# Exercise goal
Print every entry word for word, but omit the pictures.

# Exercise material
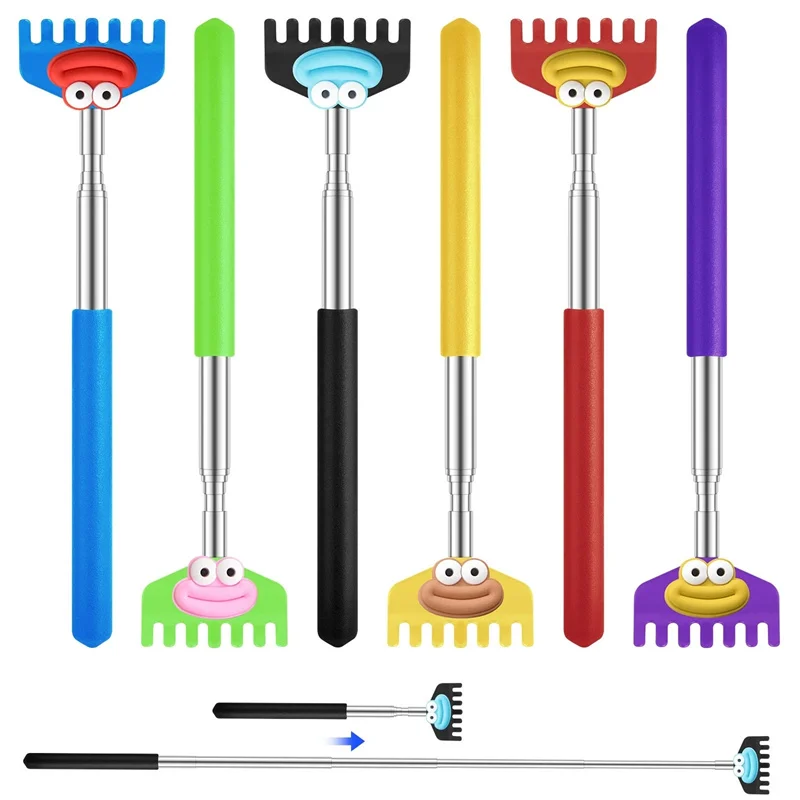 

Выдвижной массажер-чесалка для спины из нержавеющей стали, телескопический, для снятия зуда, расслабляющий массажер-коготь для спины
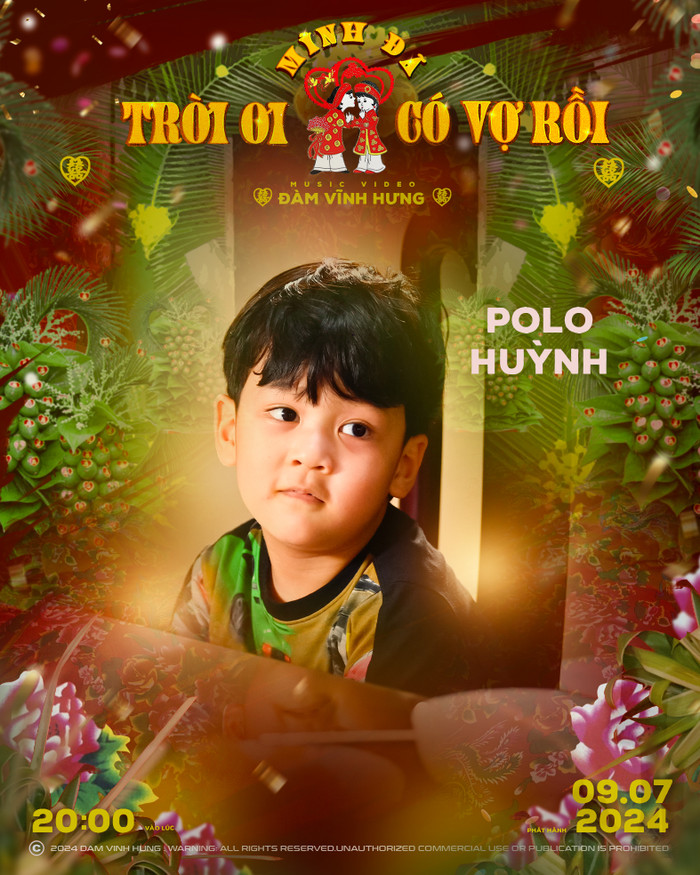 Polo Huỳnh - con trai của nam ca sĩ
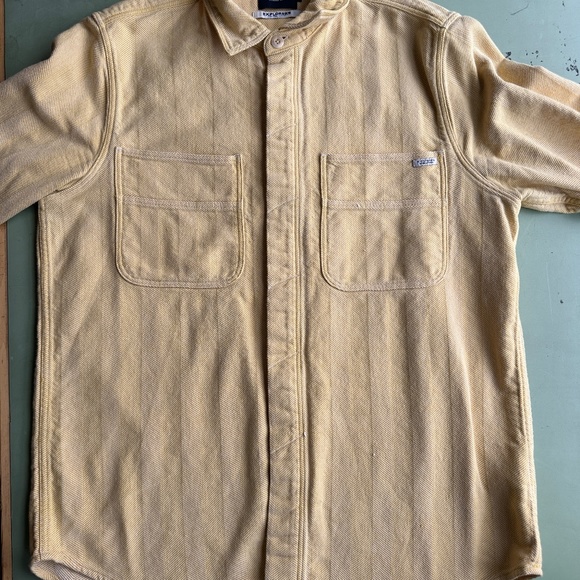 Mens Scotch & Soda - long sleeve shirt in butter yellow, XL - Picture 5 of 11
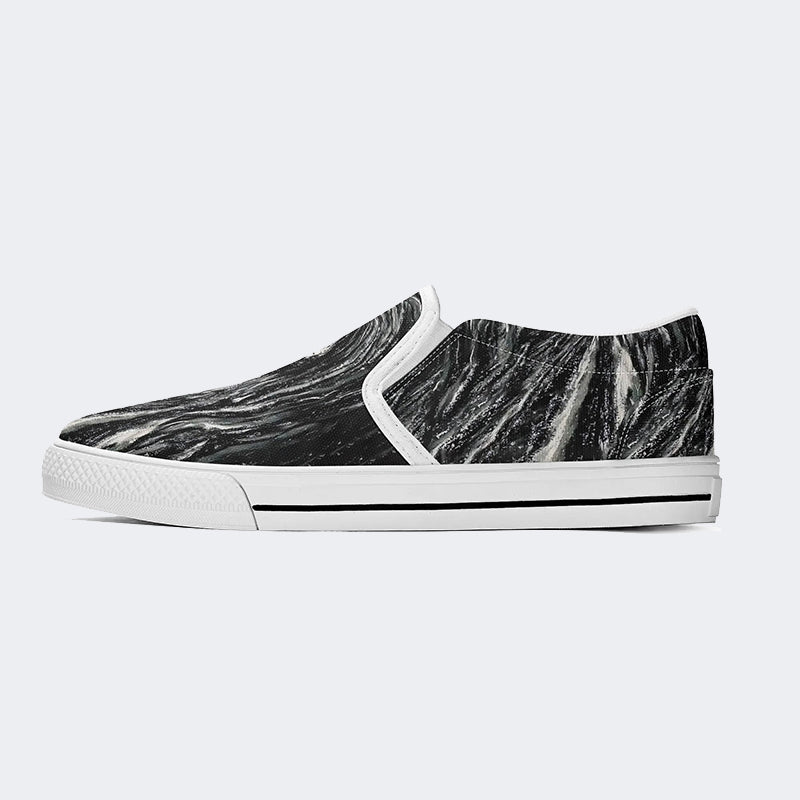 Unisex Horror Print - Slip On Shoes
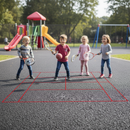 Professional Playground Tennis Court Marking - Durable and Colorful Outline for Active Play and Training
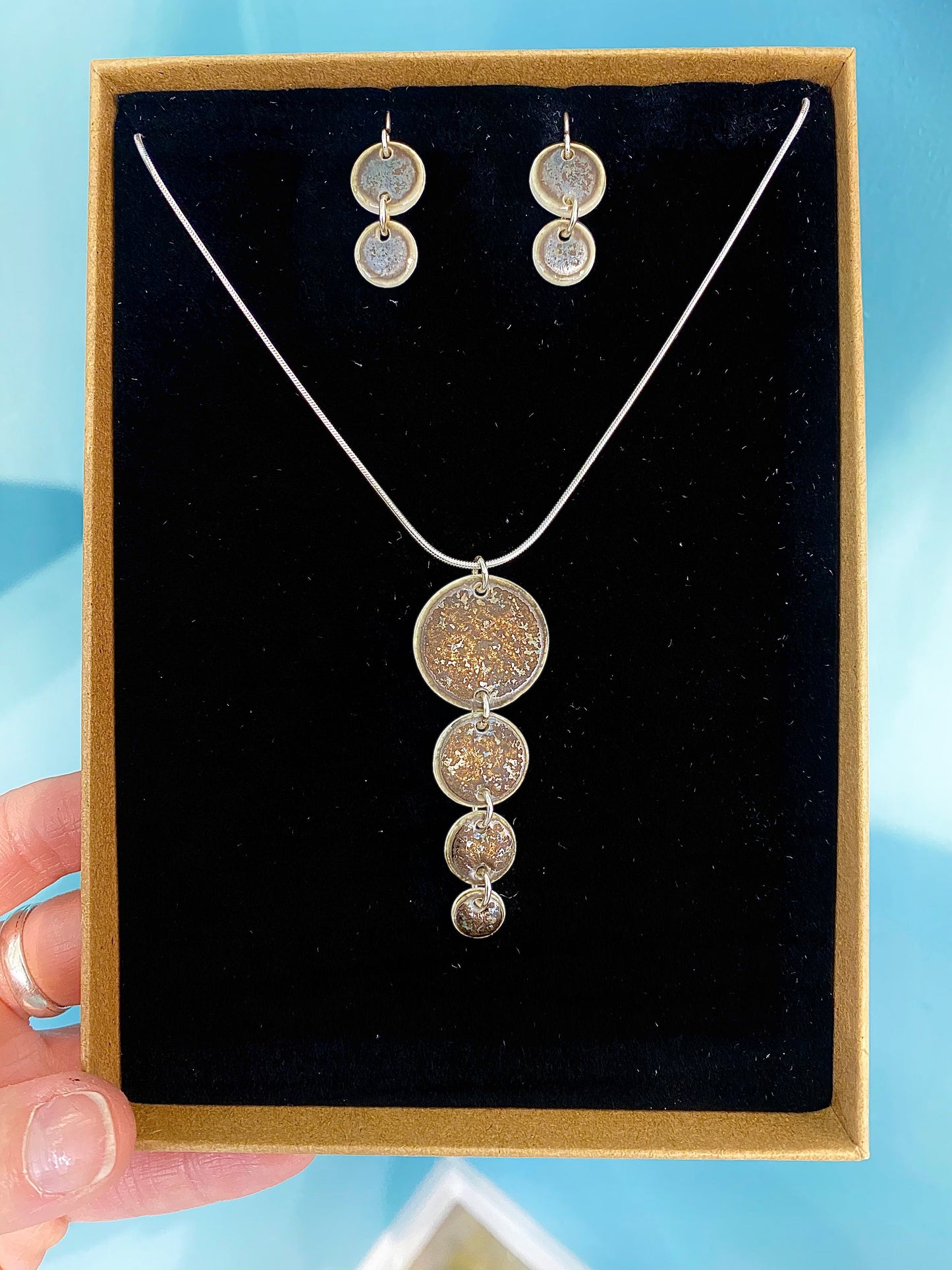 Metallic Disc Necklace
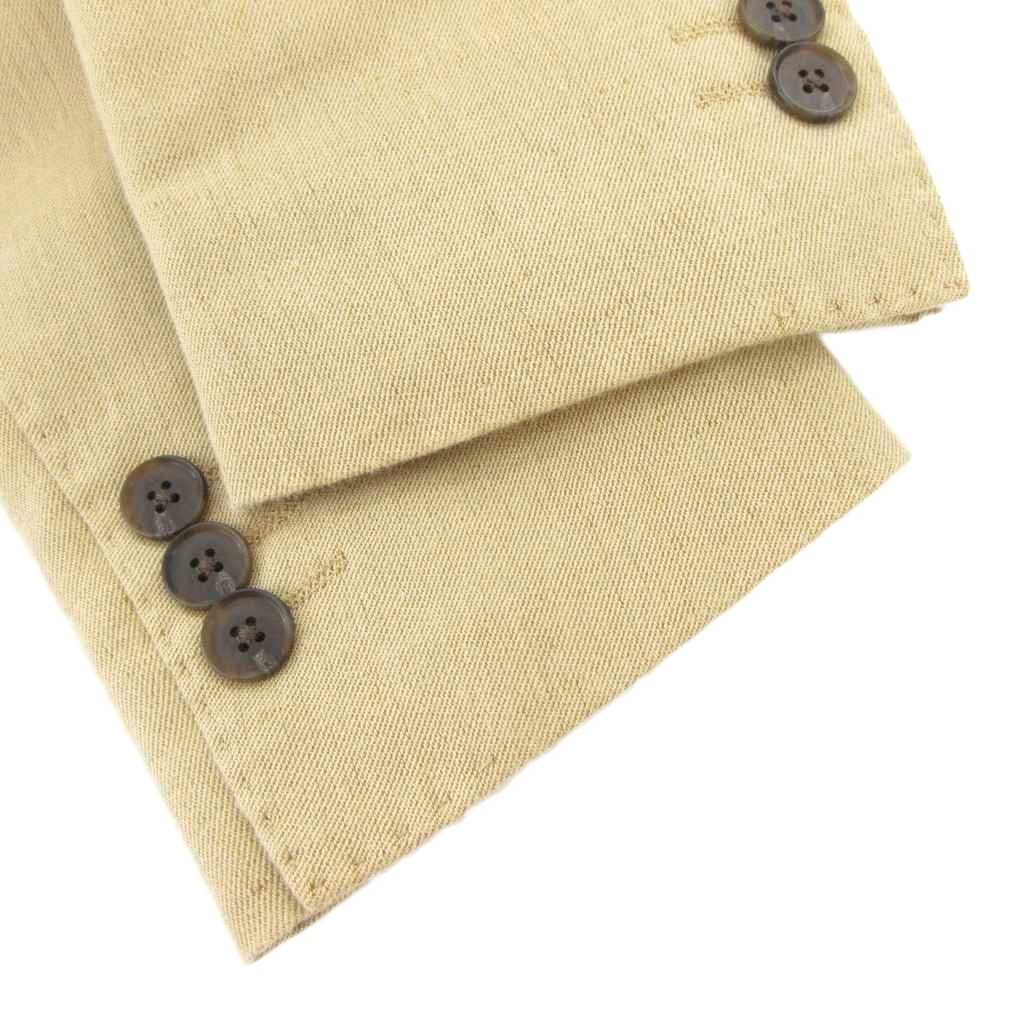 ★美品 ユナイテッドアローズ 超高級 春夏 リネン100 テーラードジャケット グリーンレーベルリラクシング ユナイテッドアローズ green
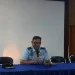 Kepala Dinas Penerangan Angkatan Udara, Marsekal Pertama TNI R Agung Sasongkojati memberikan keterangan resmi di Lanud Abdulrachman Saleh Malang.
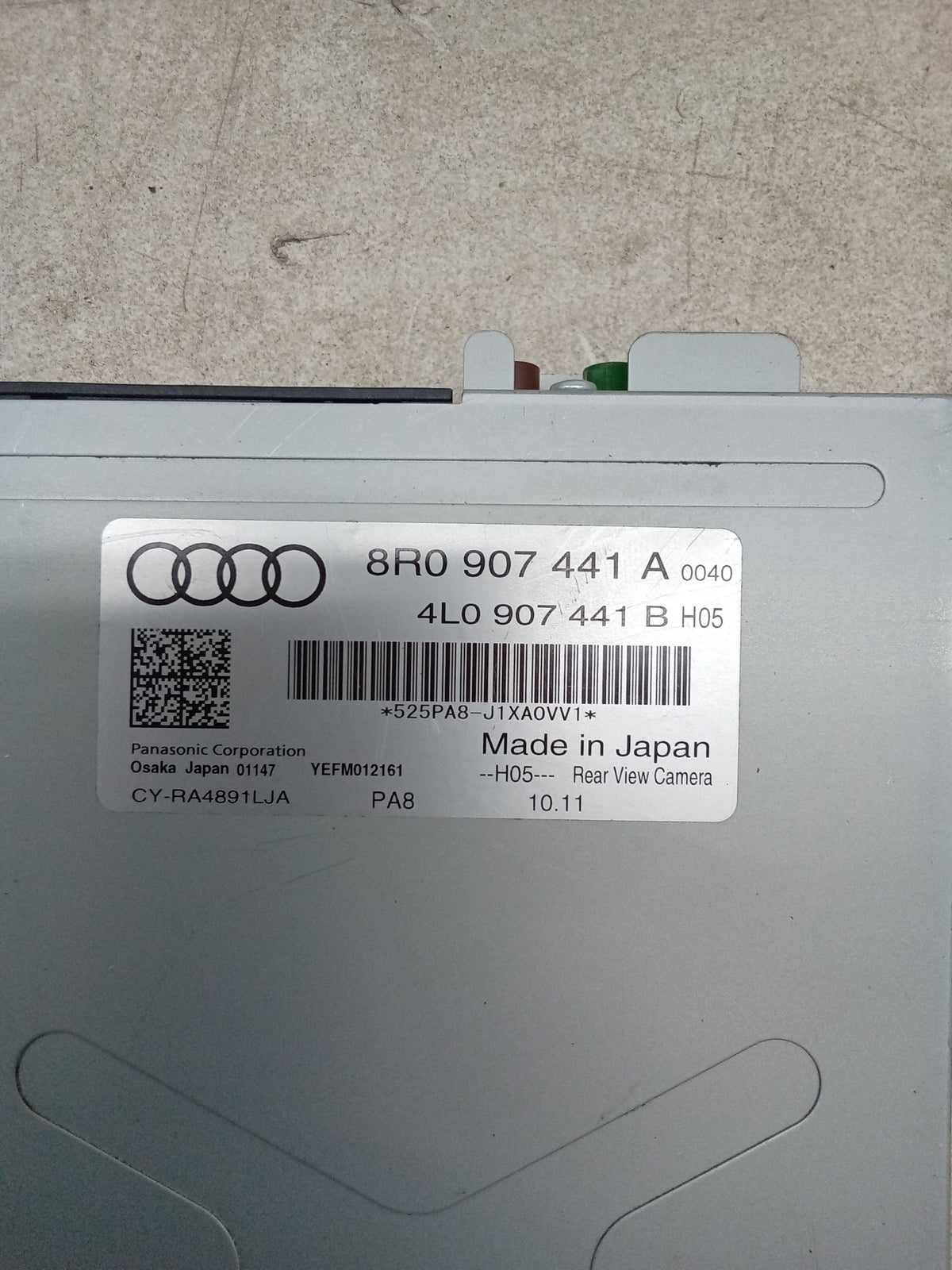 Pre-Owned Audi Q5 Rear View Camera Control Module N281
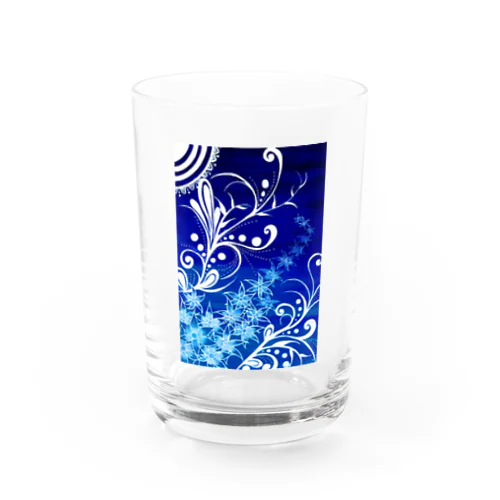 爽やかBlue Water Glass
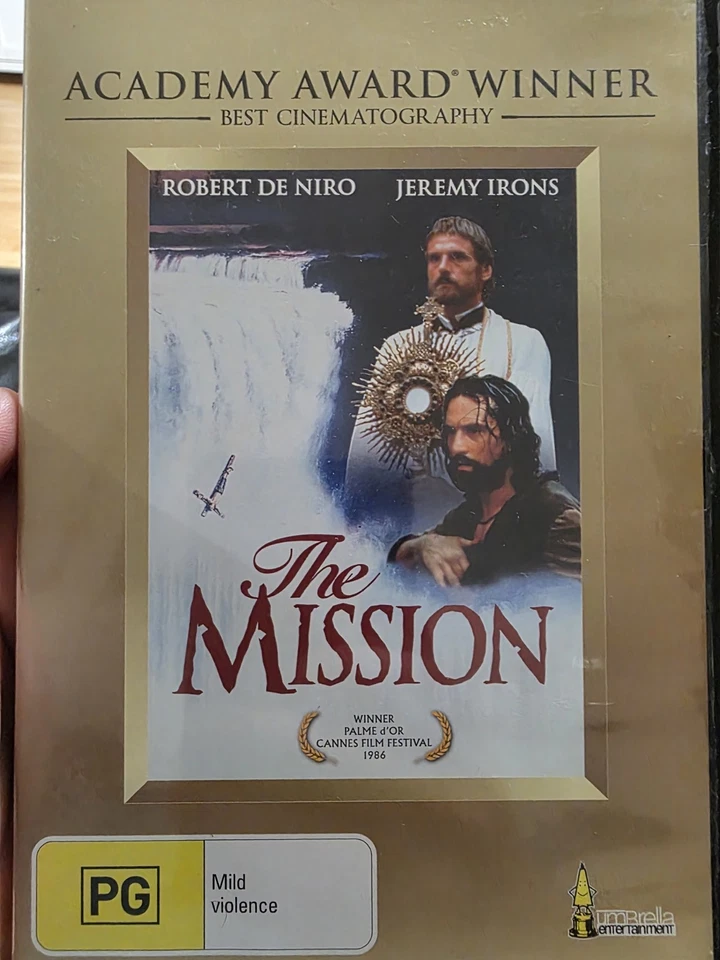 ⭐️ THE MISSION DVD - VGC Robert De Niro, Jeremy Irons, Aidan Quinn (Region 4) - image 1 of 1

# Solution for this exercise
Выдвижной массажер-чесалка для спины из нержавеющей стали, телескопический, для снятия зуда, расслабляющий массажер-коготь для спины
 Polo Huỳnh - con trai của nam ca sĩ
 Mens Scotch & Soda - long sleeve shirt in butter yellow, XL - Picture 5 of 11
 Unisex Horror Print - Slip On Shoes
 Professional Playground Tennis Court Marking - Durable and Colorful Outline for Active Play and Training
 Metallic Disc Necklace
 ★美品 ユナイテッドアローズ 超高級 春夏 リネン100 テーラードジャケット グリーンレーベルリラクシング ユナイテッドアローズ green
 Kepala Dinas Penerangan Angkatan Udara, Marsekal Pertama TNI R Agung Sasongkojati memberikan keterangan resmi di Lanud Abdulrachman Saleh Malang.
 Pre-Owned Audi Q5 Rear View Camera Control Module N281
 爽やかBlue Water Glass
 ⭐️ THE MISSION DVD - VGC Robert De Niro, Jeremy Irons, Aidan Quinn (Region 4) - image 1 of 1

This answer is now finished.